Pathfinders are the advance force for 16 Air Assault Brigade, the British Army’s airborne rapid reaction force. Their soldiers are trained in specialist airborne insertion techniques and capable of conducting offensive action tasks at very short notice, say the British Army.
The British Army have discussed the way the Pathfinders operate and it makes for some interesting reading.
PF operate behind enemy lines in small, self-sufficient patrols, finding and relaying vital information back to Brigade HQ to enable it to plan and execute missions. A key role is identifying drop zones and landing zones where the main body of troops can be parachuted or landed by helicopter.

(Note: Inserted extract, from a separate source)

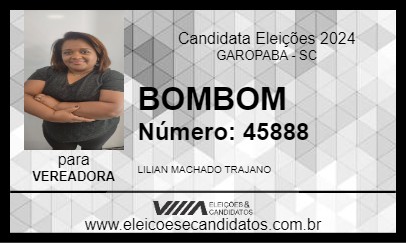 Candidato BOMBOM 2024 - GAROPABA - Eleições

According to the Army, a Pathfinder soldier said:
“We are the first on the ground and our main role is to set the conditions for the insertion of the main fighting force. We work in small teams away from support, so we need to be self-sufficient to be able to get ourselves out of trouble – if we get seen by the enemy or come under fire we want to shoot back and get out of there as fast as we can.”
Fast-moving tactical scenarios on the ranges at Sennybridge are the culmination of a six-week selection process for soldiers looking to join Pathfinders, with the highest standards of fitness and soldiering skills expected from the outset.
“A soldier looking to join Pathfinders has to be robust, very physically fit and highly motivated. It’s a very arduous course and I was very proud – and excited – when I passed.”